まず紹介するのは、「湯元板屋」です。湯元板屋は、およそ250年前、湯元温泉の開祖ゆかりの寺院・輪王寺より湯守(ゆもり)と定められて以来、源泉を代々守り続けてきた老舗の宿になります。
館内に備える男湯「男体の湯」、女湯「女峰の湯」の各大浴場では、それぞれ自家源泉から湧出した自慢の硫黄泉をかけ流しで提供しています。
また、温泉だけでなく、食事も板屋の魅力。野菜や山の幸など、日光が誇るおいしい旬の食材を、美しい料理としていただけます。とくに、春から夏にかけては岩魚の唐揚げ、秋から冬にかけてはキノコや湯葉を使った温かいお料理と、各季節の旬食材を使った逸品がおすすめです。
客室からは緑豊かな日光の自然を眺められますので、温泉と料理、景色のすべてから五感で奥日光の恵みを体感できるでしょう。
休暇村日光湯元:高原の温泉リゾートで楽しむ露天壺湯や冬ハイキング
続いて紹介するのは、全国37カ所に展開するホテルチェーンのひとつ「休暇村 日光湯元」。休暇村チェーンは、国立公園や国定公園内という自然豊かな場所にホテルを有するグループであり、日光湯元においても日光国立公園内に宿泊施設を持っています。
休暇村 日光湯元は、周囲を白樺、カラマツなどの林に囲まれた湯ノ湖の目の前にあります。高原リゾートと呼ぶにふさわしい、穏やかで美しい場所に建っているため、客室から奥日光の四季折々の景色をゆったり眺められるところが最大の魅力でしょう。
入浴施設の特徴
入浴施設は、30人を収容できる大きな浴槽のある内湯と露天風呂、そして貸し切り気分でひとり入浴ができる露天壺湯を完備しています。
木造の内湯では木と温泉の香りを感じながら、露天風呂ではお湯の流れる音や鳥の声、葉の擦れる音を聞き、星空を眺めながらの湯浴みを楽しめますよ。
休暇村日光湯元ではアクティビティも楽しめる
休暇村日光湯元に宿泊する際にぜひ挑戦してもらいたいのが、宿が提案する奥日光の自然を活用したアウトドアアクティビティです。

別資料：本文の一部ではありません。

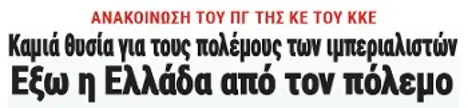 Καμιά θυσία για τους πολέμους των ιμπεριαλιστών - Εξω η Ελλάδα από τον πόλεμο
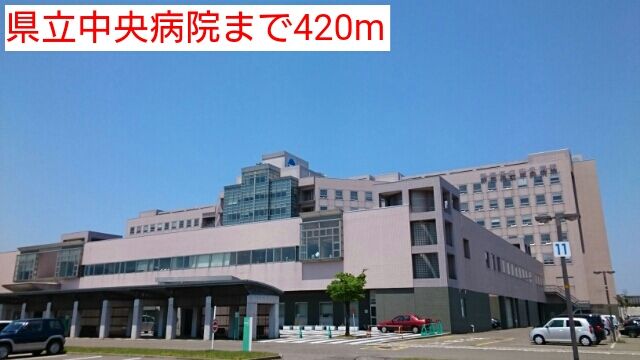 近くの県立中央病院まで420m（徒歩6分）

休暇村日光湯元では、おもに以下のアクティビティを楽しめます。
- 奥日光星空教室&観察会
- 星座の見つけ方、星にまつわる神話を学んだ後、スタッフの引率で標高1,500mからの星空観察に出かけるアクティビティ
- 森の時間
- 日光国立公園のビジタースタッフによる奥日光の自然、またその魅力について学べるアクティビティ
- 初めてのスノーシューハイク
- 休暇村スタッフから30分ほどレクチャーを受けた後、スノーシューを履いた状態で休暇村周辺での散歩、ハイキングを楽しむアクティビティ
ゆの森:森のリゾート旅館は全室客室露天風呂付でゆったり快適
湯元温泉おすすめの温泉宿、3軒目に紹介するのはリゾート旅館「ゆの森」です。人里から少し離れ、クマザサや針葉樹に囲まれた森の中に建つこぢんまりとした温泉宿で、目と耳、五感のすべてで奥日光の自然と四季を感じられ、共有スペースであるラウンジには暖炉や書籍が設置され、温かい雰囲気を楽しめます。
訪れる人が火や窓の外の木々を眺めたり、森の中、湖のほとりを散策するなどしてゆったりと快適に過ごせる―ゆの森は、そんな環境が整った森のリゾートなのです。
入浴施設・客室の特徴
入浴施設としては、全12の客室すべてに天然温泉の源泉かけ流しの露天風呂を完備しています。客室のデザインは5パターンありますが、いずれの部屋の露天風呂からも周囲の森を眺め入浴することができます。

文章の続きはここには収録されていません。